== Source data ==

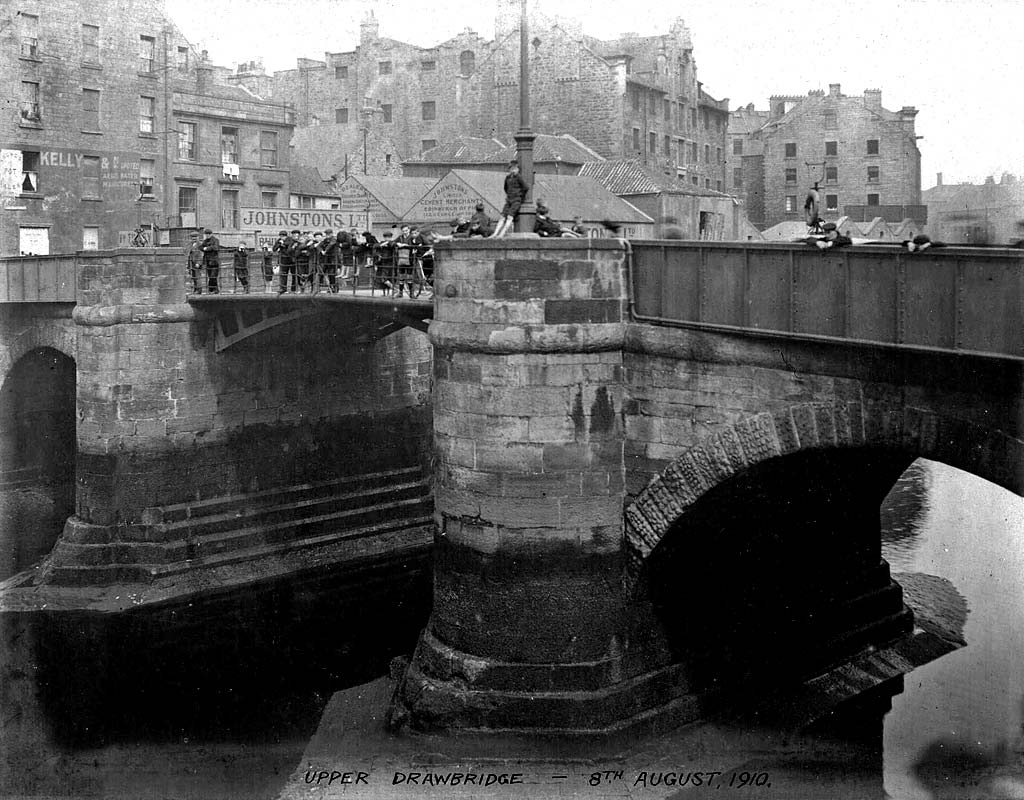 Upper Drawbridge over the Water of Leith at Sandport Place, Leith  -  1910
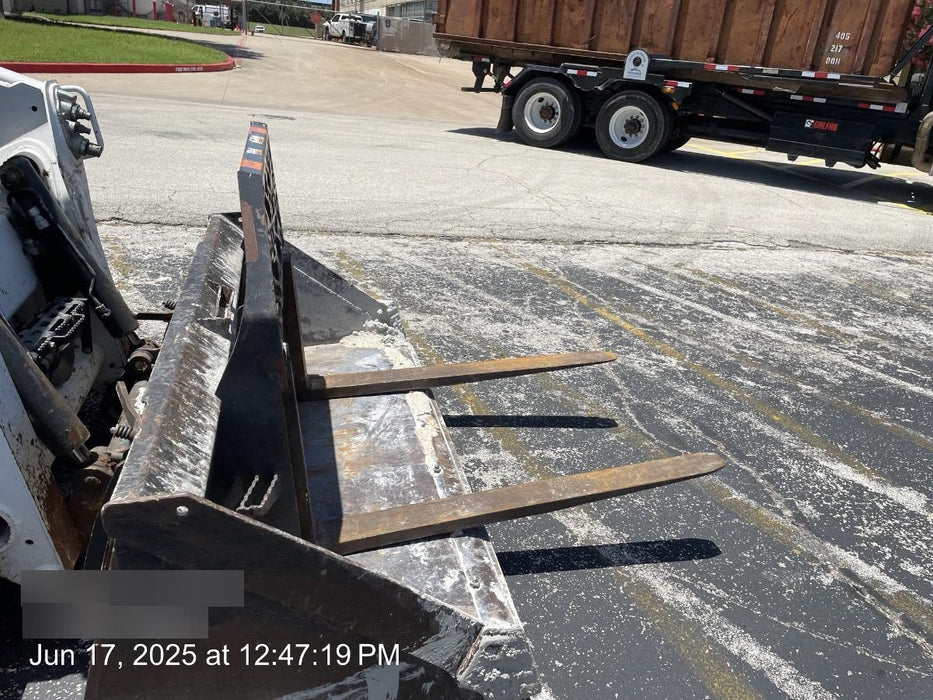 2020 EMKAY 48" Pallet Forks - Emkay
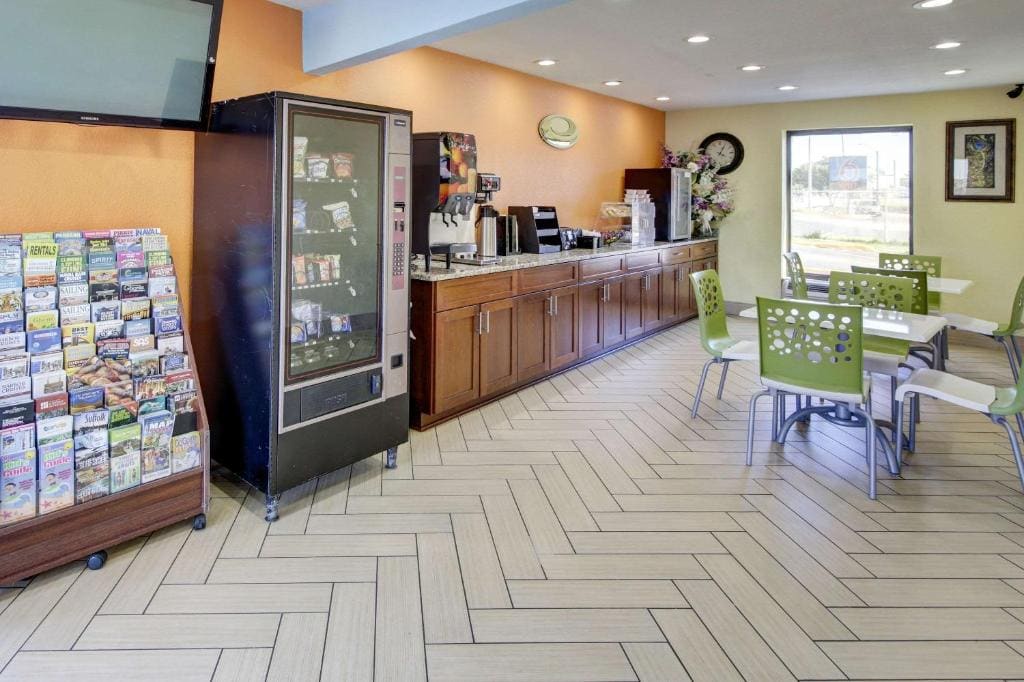 Econo Lodge at Military Circle - 图片 3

===

**What is needed**
Give back, exactly and with nothing added, the lines from the line with "Forks - Emkay" through the final line of the data, both included; leave pictures out.

**Answer box**
 2020 EMKAY 48" Pallet Forks - Emkay
 Econo Lodge at Military Circle - 图片 3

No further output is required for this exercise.